A década de ouro de nosso Carnaval
Artigo de Aramis Millarch originalmente publicado em 05 de dezembro de 1986
No Rio de Janeiro, o pesquisador Jairo Severiano, um dos autores da Discografia da Música Brasileira (4 volumes) e que no ano passado coordenou o belíssimo projeto homenagem a Caymmy, está ultimando um livro sobre a vida e a obra de Braguinha, acompanhado de um elepê com seus maiores sucessos, na interpretação dos jovens da "orquestra de vozes" Garganta Profunda. Estas duas produções, mais shows, sessões solenes, exposições e outros eventos marcarão a 29 de março de 87 os 80 anos bem vividos e amados de Braguinha.

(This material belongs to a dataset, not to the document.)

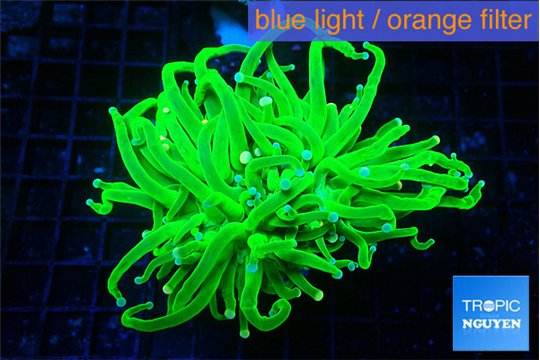 Euphyllia grabrescens ufo 4-7 cm WYSIWYG acclimaté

Entretanto, o grande Pelão, 43 anos, a quem a nossa música popular deve a produção de álbuns com momentos absolutamente históricos, com a valorização de compositores do nível de Cartola, Nelson Sargento, Adoniram Barbosa e outros - por ele levados a gravarem seus elepês, vem desenvolvendo, já há três anos, o projeto Memória, coordenado pela Paulo Propaganda, a agência de Paulo Roberto Whitaker Penteado (filho de um dos pioneiros da publicidade no Brasil), que atende a Elebra. Muito antes da Lei Sarney, o empresário Isu Feng já havia se voltado para a produção de brindes culturais e graças a isto, a Labre (hoje com cinco grandes empresas, mais de 4 mil empregados, faturamento de US$ 140 milhões em 1986) vem dando uma contribuição notável para a música brasileira.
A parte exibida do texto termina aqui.